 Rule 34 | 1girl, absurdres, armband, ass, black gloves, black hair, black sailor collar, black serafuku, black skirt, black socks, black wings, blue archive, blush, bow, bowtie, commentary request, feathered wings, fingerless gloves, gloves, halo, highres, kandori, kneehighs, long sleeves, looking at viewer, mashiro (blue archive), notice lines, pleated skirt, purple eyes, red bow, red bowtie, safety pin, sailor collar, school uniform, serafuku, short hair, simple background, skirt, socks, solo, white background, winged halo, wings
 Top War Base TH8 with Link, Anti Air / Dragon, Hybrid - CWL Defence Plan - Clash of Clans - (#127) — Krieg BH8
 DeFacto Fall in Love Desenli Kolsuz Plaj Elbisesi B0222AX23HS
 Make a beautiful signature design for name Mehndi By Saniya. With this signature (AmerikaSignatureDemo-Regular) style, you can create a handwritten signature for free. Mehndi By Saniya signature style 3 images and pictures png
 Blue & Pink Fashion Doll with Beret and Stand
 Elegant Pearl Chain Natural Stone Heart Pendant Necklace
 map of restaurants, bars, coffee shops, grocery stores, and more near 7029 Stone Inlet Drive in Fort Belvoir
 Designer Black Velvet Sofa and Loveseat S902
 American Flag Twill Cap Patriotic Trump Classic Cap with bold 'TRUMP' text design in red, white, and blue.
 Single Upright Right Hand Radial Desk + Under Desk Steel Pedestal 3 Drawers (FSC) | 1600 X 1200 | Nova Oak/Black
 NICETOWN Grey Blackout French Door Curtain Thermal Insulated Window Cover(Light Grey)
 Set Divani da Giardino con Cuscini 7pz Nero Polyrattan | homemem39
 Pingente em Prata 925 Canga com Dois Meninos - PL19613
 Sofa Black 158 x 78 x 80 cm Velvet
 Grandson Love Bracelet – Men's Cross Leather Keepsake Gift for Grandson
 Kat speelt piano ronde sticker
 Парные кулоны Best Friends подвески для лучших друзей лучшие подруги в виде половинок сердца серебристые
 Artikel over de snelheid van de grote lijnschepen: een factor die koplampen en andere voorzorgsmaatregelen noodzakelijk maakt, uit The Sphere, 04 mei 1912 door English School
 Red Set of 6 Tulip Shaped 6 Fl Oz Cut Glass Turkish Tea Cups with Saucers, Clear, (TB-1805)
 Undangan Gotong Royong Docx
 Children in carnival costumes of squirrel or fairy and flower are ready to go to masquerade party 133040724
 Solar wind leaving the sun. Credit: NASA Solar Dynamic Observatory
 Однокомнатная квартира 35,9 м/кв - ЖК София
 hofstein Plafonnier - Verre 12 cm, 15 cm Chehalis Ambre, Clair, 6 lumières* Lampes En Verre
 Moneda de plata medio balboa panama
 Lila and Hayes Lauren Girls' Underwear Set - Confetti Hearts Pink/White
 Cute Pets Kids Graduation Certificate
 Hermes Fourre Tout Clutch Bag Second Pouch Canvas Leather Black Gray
□ □ □ □ □ □ □
Search the records for the word "Pink". Copy every line that has it.

 Blue & Pink Fashion Doll with Beret and Stand
 Lila and Hayes Lauren Girls' Underwear Set - Confetti Hearts Pink/White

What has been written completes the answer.